Provenance Model. We assume provenance graphs that generally follow the Open Provenance Model [11] in which provenance information can be represented as a directed graph \(P = (V,E)\) whose nodes \(V = D \cup I\) represent either data tokens \(D\) or actor invocations \(I\) and whose edges \(E = { Used} \cup { GenBy}\) are either used edges \({ Used} \subseteq I \times D\) or generated-by edges \({ GenBy} \subseteq D \times I\). An used edge \((i,d_1) \in E\) implies that an invocation \(i\) consumed token \(d_1\) as input, while a generated-by edge \((d_2, i)\in E\) implies that a token \(d_2\) was output by \(i\). In this case we say that \(d_2\) depended on \(d_1\) (i.e., \(d_2\) is part of \(d_1\)’s lineage). The complete set of data tokens, used, and generated-by edges that led to (i.e., that lie on a path to) a data token \(d\) denote the lineage of \(d\). We use the following auxiliary relation to compute the data dependencies.
$$\begin{aligned} \mathtt{ddep(D_1,D_2)}\,&{\mathtt :-} \, \mathtt{genBy(D_1,I),used(I,D_2).} \end{aligned}$$
The \(\mathtt{ddep(D_1,D_2)}\) relation specifies that the data \(D_1\) depends on the data \(D_2\). Additionally, given the workflow graph \(W\) that produced the provenance graph \(P\), where \(A\) and \(C\) are the actors and containers of \(W\), respectively, we assume the relation \({ invoc} \subseteq I \times A\) connects each invocation \(i \in I\) with its corresponding actor \(a \in A\) and the relation \({ loc} \subseteq D \times C \times L\) connects each data token \(d \in D\) to its corresponding container \(c \in C\) such that \(d\) is located at position \(l\in L\) in \(c\)’s persistent queue.

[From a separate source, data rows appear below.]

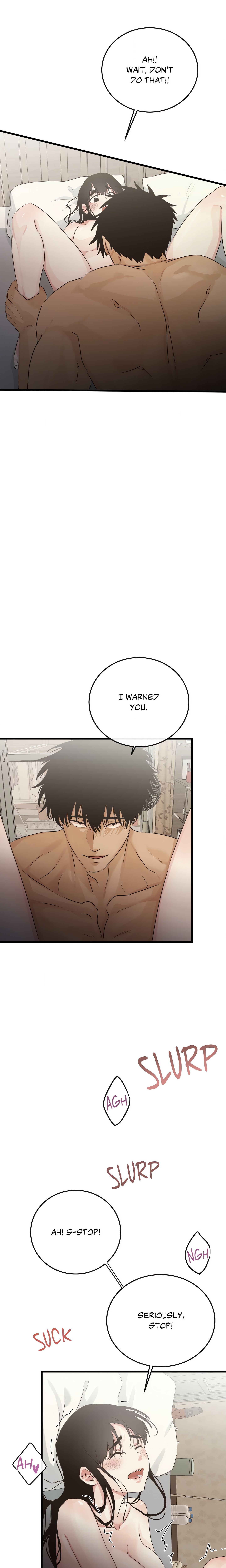 Where the Heart Is (Official) Page 20 - MangaHe
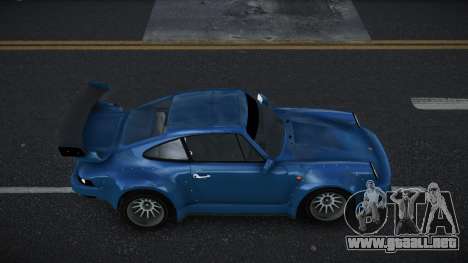 Porsche 911 Ipus para GTA 4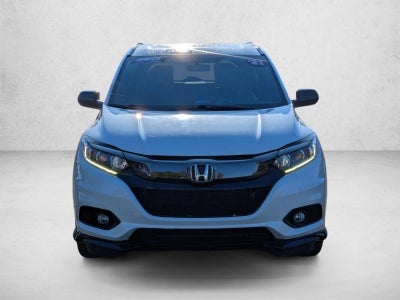 2021 Honda HR-V Sport 2WD CVT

3 Precomputing Dependency Tables

Given a workflow \(W\) and a provenance graph \(P\), we statically compute the lineage of all data tokens in three steps. The first step dependenciescontainers using the following Datalog rules.
$$\begin{aligned} \mathtt{cdep(C_1,C_2)}\,&{\mathtt :-} \,\mathtt{out(P,C_1), in(C_2,P).} \\ \mathtt{cdep^*(C_1,C_2)} \,&{\mathtt :-} \, \mathtt{cdep(C_1,C_2).} \\ \mathtt{cdep^*(C_1,C_2)} \,&{\mathtt :-} \, \mathtt{cdep(C_1,C), cdep^*(C,C_2).} \end{aligned}$$
The relation \(\mathtt{cdep^*(C_1,C_2)}\) captures all the containers \(C_2\) on which the container \(C_1\) depends, i.e., some token in \(C_1\) may be derived either directly or transitively from tokens in \(C_2\). We call \(C_2\) the container dependency of each token in \(C_1\). Note that while all tokens in a container \(C_1\) have the same set of container dependencies, they may depend on different tokens within those containers.
The second step computes the positions of all the tokens in all container dependencies \(C_2\) on which a token at position \(l\) in container \(C_1\) depends by using the consumption and production rates. The result of this step is a relation
$$\mathtt{dependency(D,C_1,L,C_2,L_S,L_E)}$$
where \(D\) is a data token in container \(C_1\) at position \(L\) that depends on the tokens in container \(C_2\) starting at position \(L_S\) and ending at position \(L_E\). We describe how this relation is computed in the rest of this section and in Sect. 4. Finally, the third step uses the dependency relation to answer lineage queries, which is also further described in Sect. 4. The result of this step is a (virtual) relation
$$\mathtt{lineage(D_1,D_2,D_3)}$$
where data tokens \(D_2\) and \(D_3\) form a dependency edge that lies on the lineage path of \(D_1\). Thus, \(\mathtt{ddep}(D_1,D_2)\), \(\mathtt{ddep}(D_1,D_3)\), and \(\mathtt{ddep}(D_2,D_3)\) hold such that given a specific token \(d\), \(\mathtt{lineage}(d,D_2,D_3)\) gives the set of dependency (\(\mathtt{ddep}(D_2,D_3)\)) edges that represent the lineage of \(d\).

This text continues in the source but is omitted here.